= Committee to Oppose the Conscription of Women =

The Committee to Oppose the Conscription of Women (COCW), later renamed the Women’s Committee to Oppose Conscription (WCOC), was founded in 1943 in the United States by Mildred S. Olmsted. The committee was created to combat legislation that would draft nurses into the American armed forces. The organization was also active in combating the Austin-Wadsworth Bill, or the National Service Act, which would make it compulsory for men and women to work in war industry jobs as needed during World War II.

== History ==

The Austin-Wadsworth Bill, which was drafted by Representative James W. Wadsworth Jr. and Senator Warren Austin in 1943, proposed the conscription of both men and women for jobs in the private sector and war industry. The bill included women between the ages of 18 and 50 without dependent children and men between the ages of 18 and 65. These men and women would become available for the draft and could be assigned to military industries anywhere in the country. Exemptions were given to pregnant women and those that cared for elderly relatives.

Although many Americans actually supported female conscription, a fierce debate ensued over the pending legislation. The Committee to Oppose the Conscription of Women was promptly formed by Olmstead and included many current or former members of Women’s International League for Peace and Freedom (WILPF) and other women’s rights organizations. The Committee's leaders were feminists, promoting equal rights for women; other members were pacifists, and opposed conscription legislation on the basis of anti-war beliefs.

At first the COCW argued from a feminist point of view, defending women’s right to choose if and how they wanted to work.
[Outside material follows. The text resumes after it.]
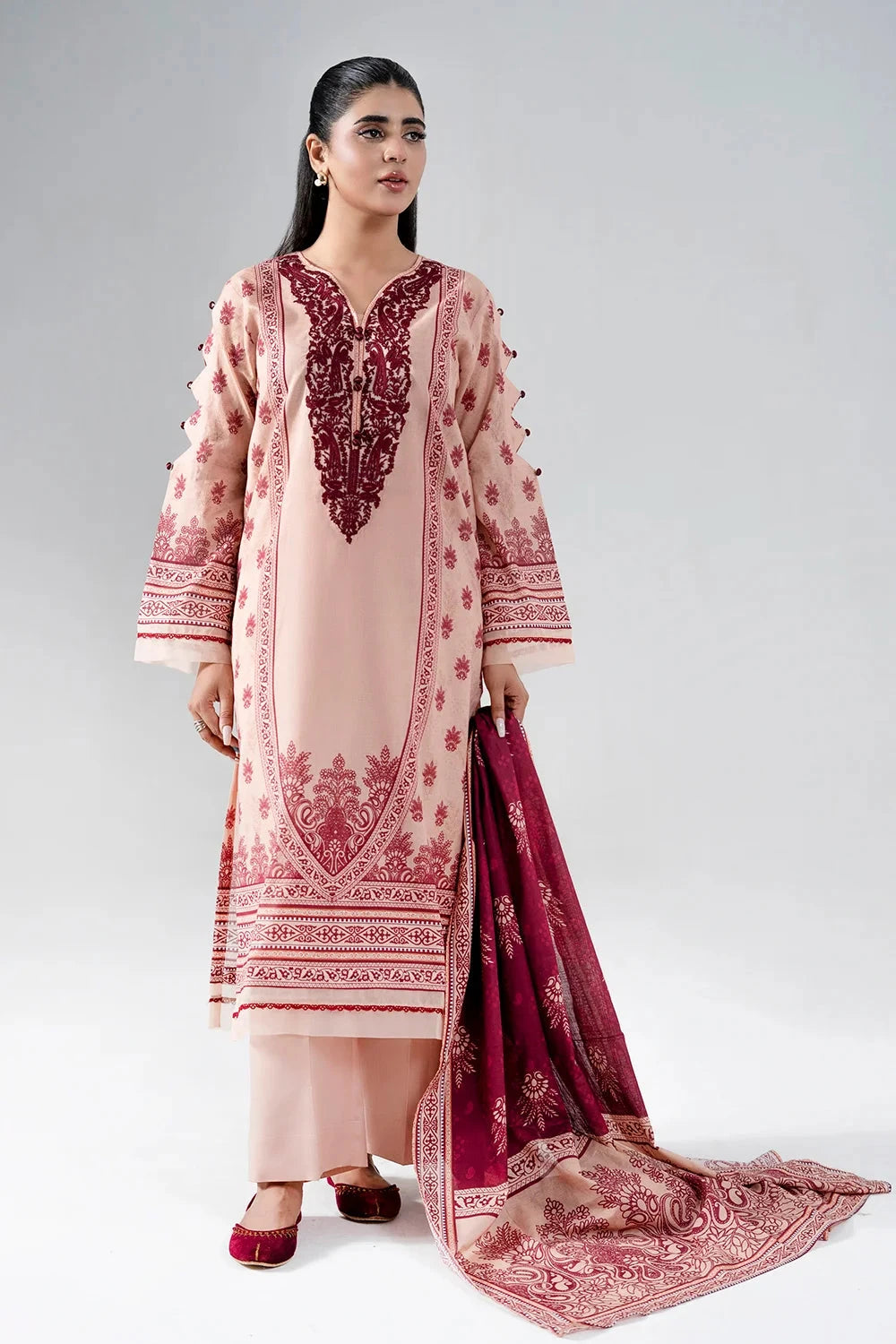 3pc-embroidered-stitched-lawn-suit-kl-4079-khas-stores-us-622581.jpg 3PC Embroidered stitched Lawn Suit | KL-4079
They pointed out that military and civilian conscription would place women under male domination, reversing freedoms for which they had fought long and hard. However, in order to gain wider support the members began to oppose the legislation on more traditional grounds.

The Committee opposed the drafting of all nurses into the armed forces, asserting that it was unnecessary, because the many nurses who had already volunteered to join the armed services and other wartime industries, and in particular Black nurses, were not fully utilized. Also, many people feared that children would suffer from a lack of maternal affection if women were forced to move away for work, and the Committee promoted this point of view.

Leaflets and pamphlets were mailed members of the Fellowship of Reconciliation, the Women’s International League, and to religious groups, including Methodist, Mennonite, Quaker, and Brethren church groups. The COCW gained an unusually diverse base of support among these groups.
In the end, the Austin-Wadsworth Bill was defeated. Fewer than 35 percent of available women entered war-time factories and munitions plants; 90 percent of women with children under the age of 18 stayed home.

After the defeat of the bill, the Committee began to oppose the peacetime conscription of males, and subsequently lost the approval of many of the conservative groups which had supported it.

The Committee’s records and documents are stored in the Peace Collection at the Swarthmore College library.